▸ About this exercise: Reproduce, character for character, the lines below from the first through the one with "In the 1990s, goiter". Leave pictures out.

▸ Dataset extract:
▶
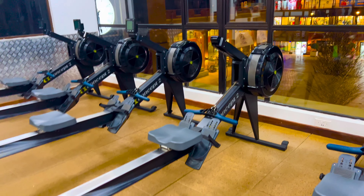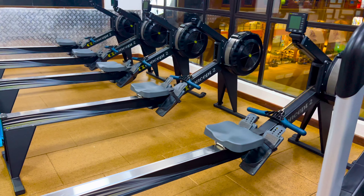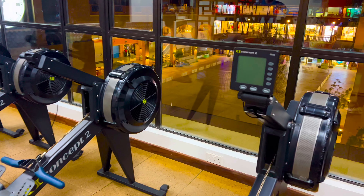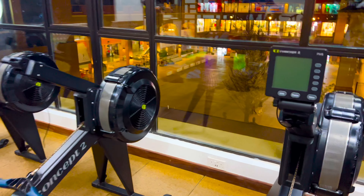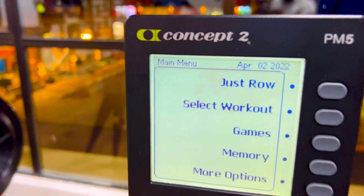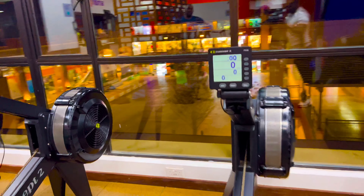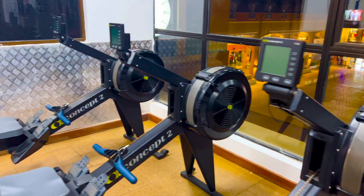Rowing machines in the gym — rowing is known to be one of the most compound movements, activating 85% of your body's muscles, while also boosting your cardiovascular system. Muscles worked during this movement include quads, hamstrings, back, abdominals, arms, deltoids, calves, and more.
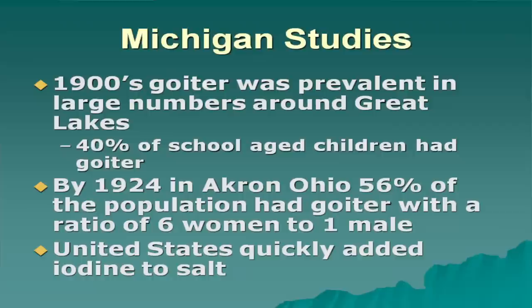In the 1990s, goiter was prevalent in large numbers in the Great Lakes region — 40 percent of school-aged children had goiter. By 1924 in Akron, Ohio, 56 percent of the population had a goiter, with a ratio of six women to one man. The United States quickly added iodine to the salt after these studies were done.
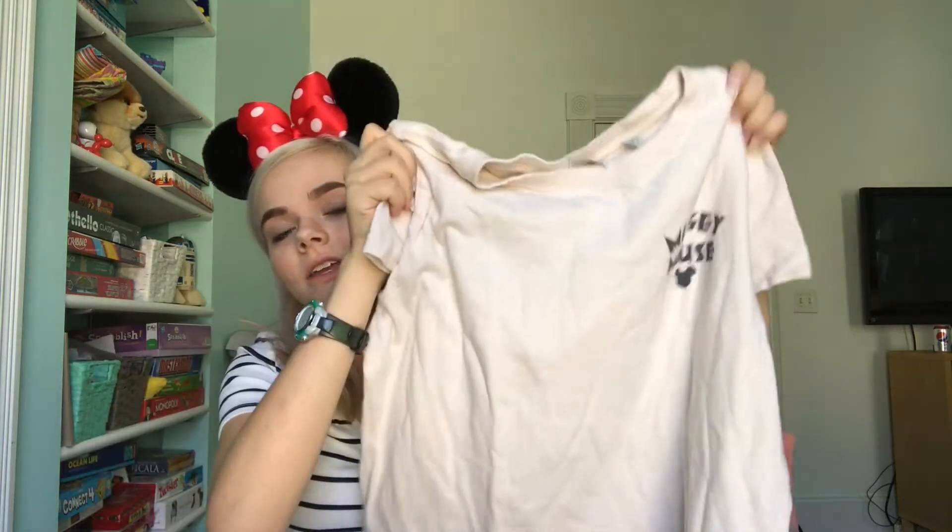First I'll start with what I got from Target. The first thing I got from Target is this Mickey Mouse shirt. It says Mickey Mouse here and on the back it has a rainbow. I ordered this online and online it looked like it would be a little bit pinker than it is. But I like it a lot and I actually have worn it already. It's really cute.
◀
▸ Response for this exercise:
Rowing machines in the gym — rowing is known to be one of the most compound movements, activating 85% of your body's muscles, while also boosting your cardiovascular system. Muscles worked during this movement include quads, hamstrings, back, abdominals, arms, deltoids, calves, and more.
In the 1990s, goiter was prevalent in large numbers in the Great Lakes region — 40 percent of school-aged children had goiter. By 1924 in Akron, Ohio, 56 percent of the population had a goiter, with a ratio of six women to one man. The United States quickly added iodine to the salt after these studies were done.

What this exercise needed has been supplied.